# [Data excerpts]
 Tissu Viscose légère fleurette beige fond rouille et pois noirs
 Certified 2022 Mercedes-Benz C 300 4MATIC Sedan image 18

==

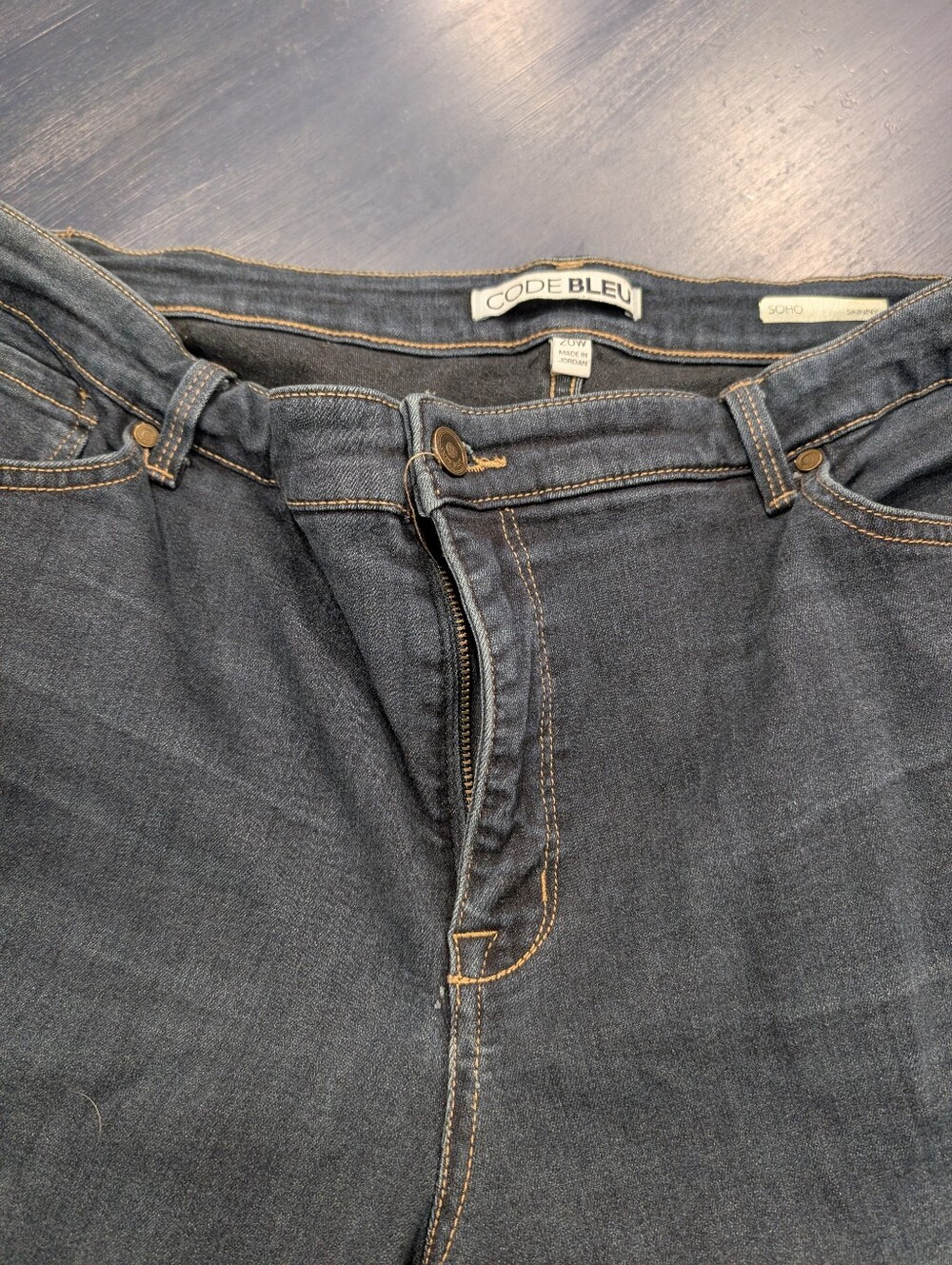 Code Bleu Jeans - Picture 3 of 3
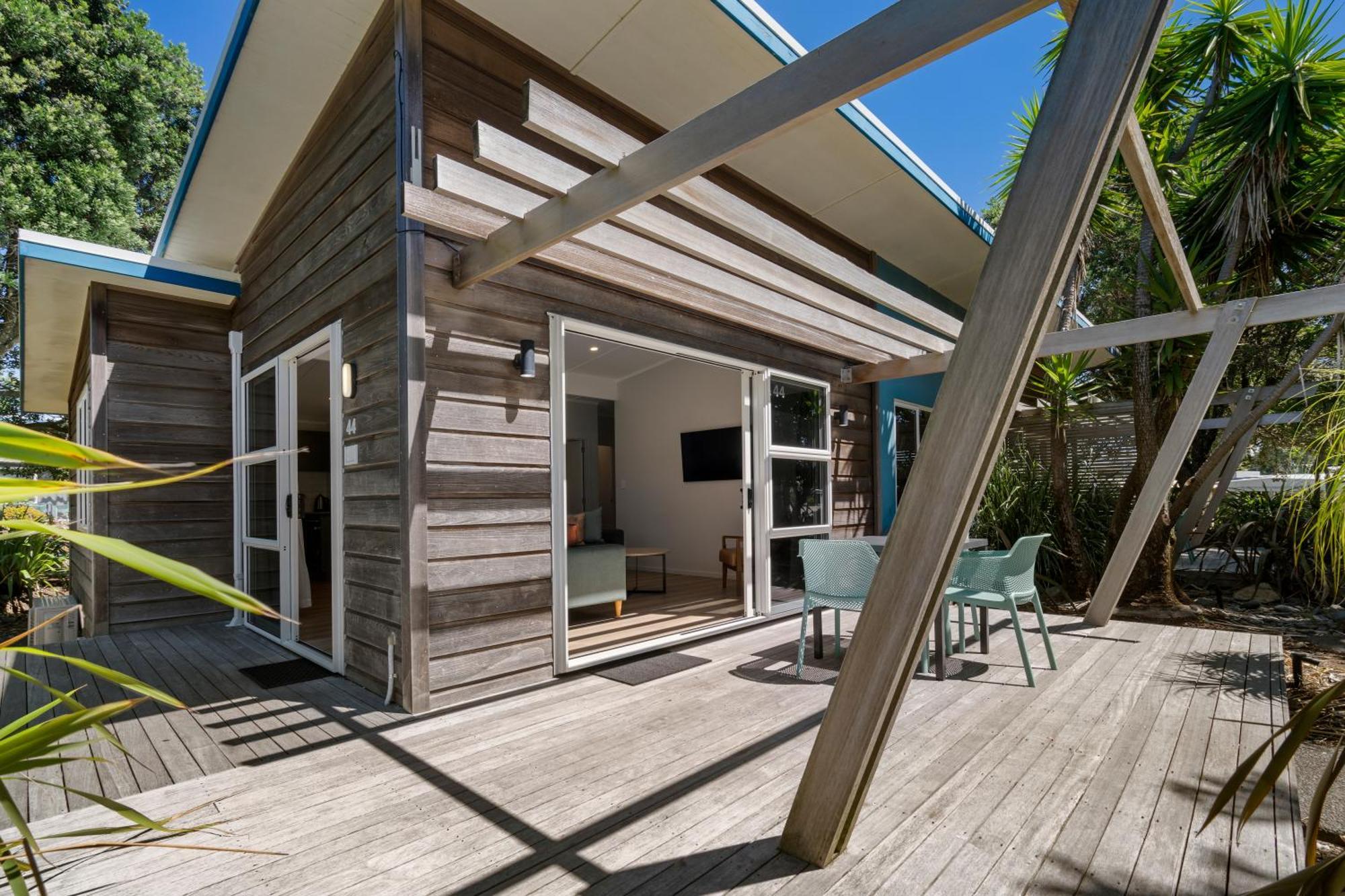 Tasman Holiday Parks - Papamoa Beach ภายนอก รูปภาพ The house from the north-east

# [Work order]
Above is a listing; print exactly its lines from the one with "Tissu Viscose légère" through the one with "Certified 2022 Mercedes-Benz", and no other lines.

# [Reply]
 Tissu Viscose légère fleurette beige fond rouille et pois noirs
 Certified 2022 Mercedes-Benz C 300 4MATIC Sedan image 18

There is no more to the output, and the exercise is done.